### EXCERPTED DATA
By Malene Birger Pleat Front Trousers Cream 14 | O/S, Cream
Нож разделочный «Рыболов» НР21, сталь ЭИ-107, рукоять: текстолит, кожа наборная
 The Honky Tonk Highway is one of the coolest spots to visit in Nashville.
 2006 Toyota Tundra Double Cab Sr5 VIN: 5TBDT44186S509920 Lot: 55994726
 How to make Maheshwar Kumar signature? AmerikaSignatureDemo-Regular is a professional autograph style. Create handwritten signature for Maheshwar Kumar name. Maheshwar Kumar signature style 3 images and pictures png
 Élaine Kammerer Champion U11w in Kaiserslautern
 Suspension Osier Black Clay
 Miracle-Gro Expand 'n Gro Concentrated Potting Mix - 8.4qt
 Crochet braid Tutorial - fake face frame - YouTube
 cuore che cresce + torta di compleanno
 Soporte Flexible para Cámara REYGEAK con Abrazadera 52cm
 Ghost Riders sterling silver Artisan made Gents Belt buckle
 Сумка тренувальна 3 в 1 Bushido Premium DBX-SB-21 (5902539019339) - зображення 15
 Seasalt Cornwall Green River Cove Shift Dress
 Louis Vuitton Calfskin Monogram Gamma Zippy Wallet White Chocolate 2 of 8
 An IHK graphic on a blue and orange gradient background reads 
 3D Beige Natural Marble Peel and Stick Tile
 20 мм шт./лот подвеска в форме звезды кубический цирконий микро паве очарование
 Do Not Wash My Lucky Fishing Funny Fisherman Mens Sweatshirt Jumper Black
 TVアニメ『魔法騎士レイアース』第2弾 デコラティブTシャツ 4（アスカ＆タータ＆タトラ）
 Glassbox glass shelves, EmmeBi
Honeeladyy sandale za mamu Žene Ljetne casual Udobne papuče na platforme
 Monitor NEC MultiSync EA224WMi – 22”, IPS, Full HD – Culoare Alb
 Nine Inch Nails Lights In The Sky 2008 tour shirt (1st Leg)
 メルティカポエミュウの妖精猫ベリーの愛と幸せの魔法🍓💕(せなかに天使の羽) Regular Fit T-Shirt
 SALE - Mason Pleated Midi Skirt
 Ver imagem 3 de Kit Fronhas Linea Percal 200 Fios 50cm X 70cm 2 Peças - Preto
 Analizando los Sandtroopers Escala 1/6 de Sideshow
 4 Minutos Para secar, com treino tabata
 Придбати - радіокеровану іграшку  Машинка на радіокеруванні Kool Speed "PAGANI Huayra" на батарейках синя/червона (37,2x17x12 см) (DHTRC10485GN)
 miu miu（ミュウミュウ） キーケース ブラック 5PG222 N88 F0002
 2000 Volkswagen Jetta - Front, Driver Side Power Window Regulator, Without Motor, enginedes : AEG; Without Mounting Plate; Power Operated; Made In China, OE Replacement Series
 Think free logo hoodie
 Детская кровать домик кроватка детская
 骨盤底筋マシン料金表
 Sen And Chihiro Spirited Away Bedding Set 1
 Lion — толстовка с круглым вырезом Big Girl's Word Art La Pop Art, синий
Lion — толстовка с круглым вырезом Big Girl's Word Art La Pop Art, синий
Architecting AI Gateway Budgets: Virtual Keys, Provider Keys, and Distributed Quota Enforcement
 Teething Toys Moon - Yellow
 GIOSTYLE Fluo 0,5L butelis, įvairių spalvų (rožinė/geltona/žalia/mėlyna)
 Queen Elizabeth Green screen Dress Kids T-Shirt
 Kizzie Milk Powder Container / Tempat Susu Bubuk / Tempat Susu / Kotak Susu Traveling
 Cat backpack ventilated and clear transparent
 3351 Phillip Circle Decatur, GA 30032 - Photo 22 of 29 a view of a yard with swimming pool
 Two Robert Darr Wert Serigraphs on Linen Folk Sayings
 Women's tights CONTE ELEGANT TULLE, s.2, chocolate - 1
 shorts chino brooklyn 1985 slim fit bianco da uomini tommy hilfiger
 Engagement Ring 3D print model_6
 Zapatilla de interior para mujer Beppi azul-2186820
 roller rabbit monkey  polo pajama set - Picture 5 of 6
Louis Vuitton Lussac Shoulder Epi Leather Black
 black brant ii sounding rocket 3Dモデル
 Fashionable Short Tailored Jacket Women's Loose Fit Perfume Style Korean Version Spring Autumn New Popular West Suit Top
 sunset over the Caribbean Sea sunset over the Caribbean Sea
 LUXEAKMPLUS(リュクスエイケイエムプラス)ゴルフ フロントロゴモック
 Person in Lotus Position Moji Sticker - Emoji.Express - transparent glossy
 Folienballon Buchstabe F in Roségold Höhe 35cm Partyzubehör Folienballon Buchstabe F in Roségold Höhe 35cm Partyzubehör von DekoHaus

### WHAT YOU ARE ASKED TO DO
Take every line of the material that contains the word "толстовка", and copy it.

### ANSWER SPACE
 Lion — толстовка с круглым вырезом Big Girl's Word Art La Pop Art, синий
Lion — толстовка с круглым вырезом Big Girl's Word Art La Pop Art, синий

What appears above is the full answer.